Ski resort in Aulus-les-Bains, Ariège, France

Guzet-Neige is a ski resort situated in the Haute-Ariège area of the Ariège department in the French Pyrénées. The climb to the ski station has been used three times as a stage finish in the Tour de France.

==Location==
Guzet is located between 1100 m and 2100 m in altitude, in Ariège in the heart of the Pyrenees.

The resort is divided into three areas:
- Guzet 1400
- Prat-Mataou
- Le Freychet

The resort can be accessed from two directions: from the west through the Ustou valley and east through the Col de Latrape from Aulus-les-Bains.

==Facilities==
There are 33 km of lift served runs and 3 km of cross country trails.

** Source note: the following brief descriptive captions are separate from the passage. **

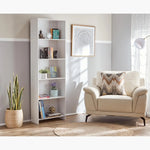 Load image into Gallery viewer, Agata Bookcase with 5 Shelves-GCC Home Center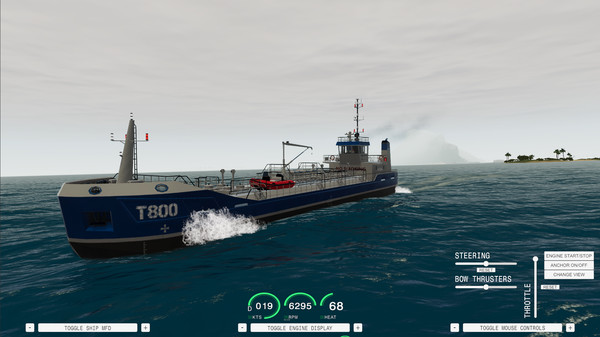 Powerboat VR screenshot 4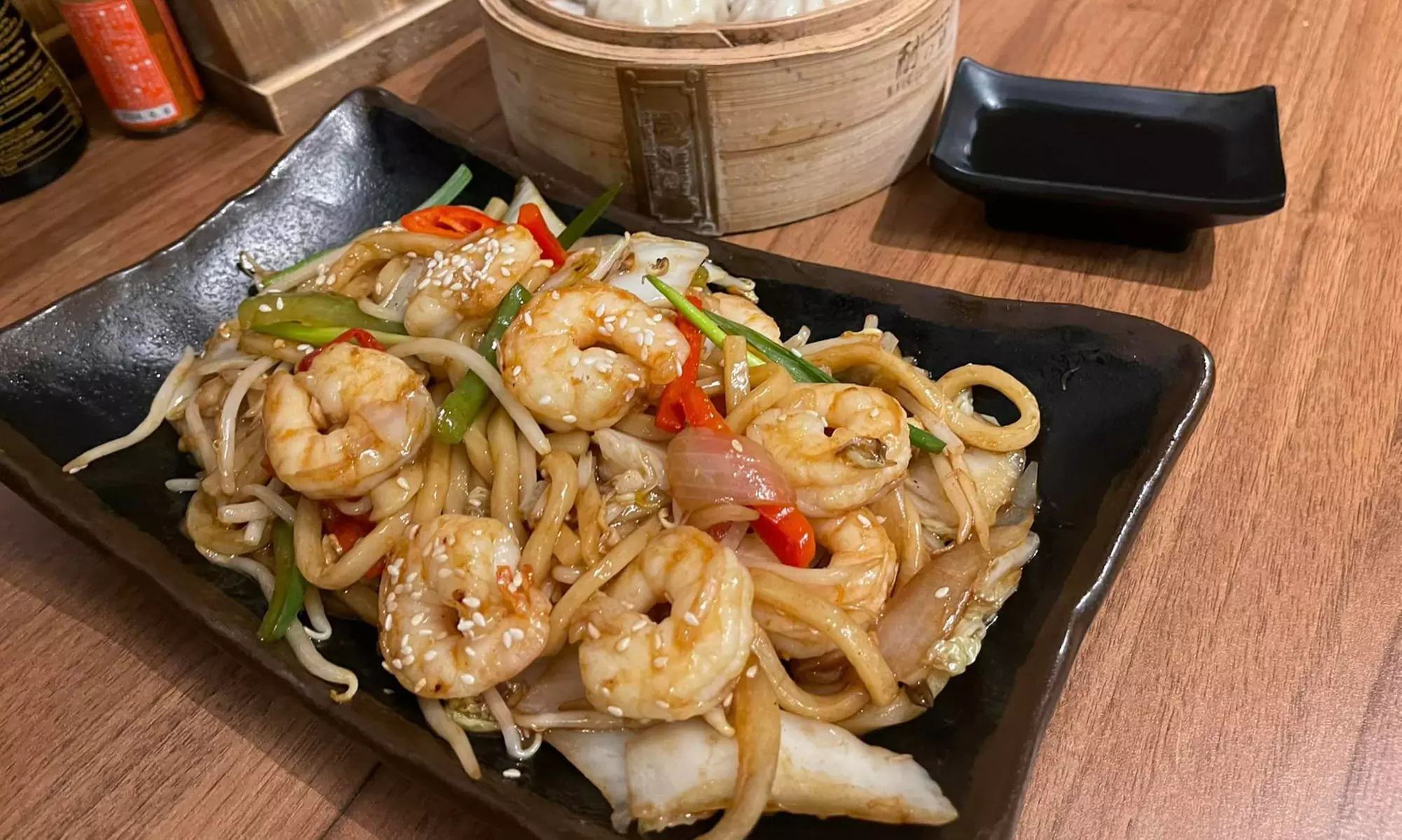 Two-Course Japanese Dinner for Two or Four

The resort features a snowpark.

==Cycling==

===Details of the climb===
The climb starts from the village of Seix on the River Salat and shares most of its route with that to the Col de Latrape from where there is a turn-off onto the D68, 1.0 km from the summit. From here there is a further 6 km climb to the ski station. In total from Seix, the climb is 23.7 km long. Over this distance, you climb 1010 m at an average gradient of 4.3%, although the final section averages about 8%.

===Tour de France stage finishes===
The climb to the ski station has been used three times as a stage finish in the Tour de France, most recently in 1995. It is ranked a first category climb.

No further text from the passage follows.